These Terms and Conditions of Sale and Service (“Terms’) govern the sale of Products and Support and the license of Software by TEGAM Inc. and its subsidiaries (“TEGAM”) to a Buyer, hereinafter referred to as “Customer”.
a) “Applicable Trade Term” means the term defined in INCOTERMS 2000, agreed by the parties, and documented in the quotation.
b) “Customer’s Personal Data” means Customers personal data or other personal data in Customers control, including but not limited to names, telephone numbers and e-mail addresses.
c) “Delivery” means the date when TEGAM places the Product(s) at Customers or Customer’s representative’s disposal at the address agreed to by TEGAM in accordance with the Applicable Trade Term.
d) “Product” means any hardware sold or Software licensed under these Terms, “Custom Products” means Products manufactured or configured to meet Customer requirements.
e) “Software” means one or more computer programs in object code format, whether stand-alone or bundled with other Products, and related documentation provided to Customer under these Terms.
f) “Specifications” means specific technical information about Products which is published by TEGAM in effect on the date TEGAM ships Custom order.
g) “Support’ means any standard service such as hardware maintenance, calibration and repair; Software updates and maintenance; or education and training, ‘Custom support” means Support adapted to meet Customer requirements.

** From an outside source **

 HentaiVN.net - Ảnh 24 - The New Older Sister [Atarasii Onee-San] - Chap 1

h) “Quotation” means a formal offer to sell made by TEGAM to Customer and transmitted in writing.
a) Unless otherwise indicated on the quotation, prices are FOB at the TEGAM facility in Geneva, Ohio, USA, and DO NOT include shipping and handling charges to the address agreed to by TEGAM in accordance with the Applicable Trade Term. Unless stated otherwise on the quotation, TEGAM will prepay shipping costs and add the shipping costs to the quoted price on the invoice (“prepay and add”). Prices are valid for the period indicated on the quotation. Support prices, except for prepaid Custom Support, may be changed by TEGAM upon sixty (60) days written notice.

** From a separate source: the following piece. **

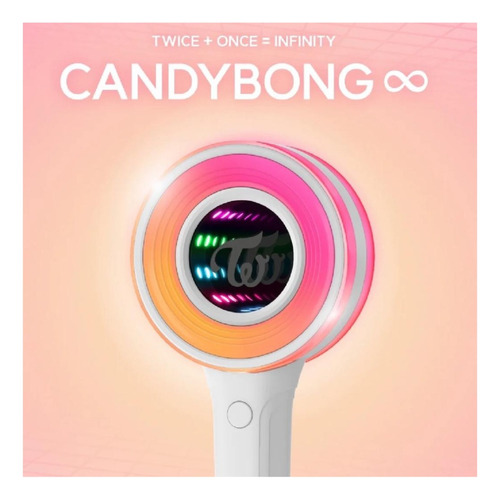 Twice Lightstick Oficial Ver 3 Candybong Infinity + Set Pcs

b) Prices exclude any sales, value added, import duties or taxes, customs fees, or similar tax which will be payable by Customer in addition to the purchase price if applicable. If exemption from taxes is claimed, Customer must provide a certificate of exemption.
c) All pricing and shipping on TEGAM’s website is based on North American shipping. If you require shipping outside of North America, your order will need to be reviewed for the correct pricing. We will be in contact with you shortly.

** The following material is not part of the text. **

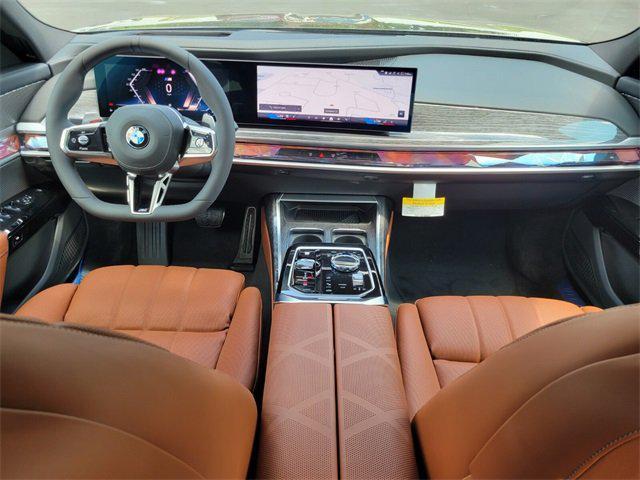 new 2025 BMW 760 car, priced at $131,225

3. ORDERS, CANCELLATIONS AND RETURNS
a) All orders are subject to acceptance by TEGAM. Product orders must specify Delivery within six (6) months from order date, unless TEGAM has quoted a longer delivery schedule.
b) Cancellation of orders or rescheduling shipment will be subject to TEGAM’s approval. Cancellation of an order for Product will be subject to applicable charges. Cancellation of a Support order will be subject to applicable charges. Information regarding applicable cancellation charges is available upon request.
c) Product returns will also be subject to TEGAM’s approval and return/refurbishment charges.
4. SHIPMENT, TITLE AND RISK OF LOSS
a) TEGAM will make reasonable efforts to meet Customers Delivery and shipment requirements. If TEGAM is unable to meet Customer’s Delivery and shipment requirements, alternative arrangements may be agreed. In the absence of such agreement Customer’s sole remedy is to cancel the order.
b) Title to hardware Products and risk of loss and damage will pass to Customer at the address agreed to by TEGAM In accordance with the Applicable trade term. If not specified otherwise in the Quotation, title will pass upon delivery to the shipper at the TEGAM facility in Geneva, Ohio, USA.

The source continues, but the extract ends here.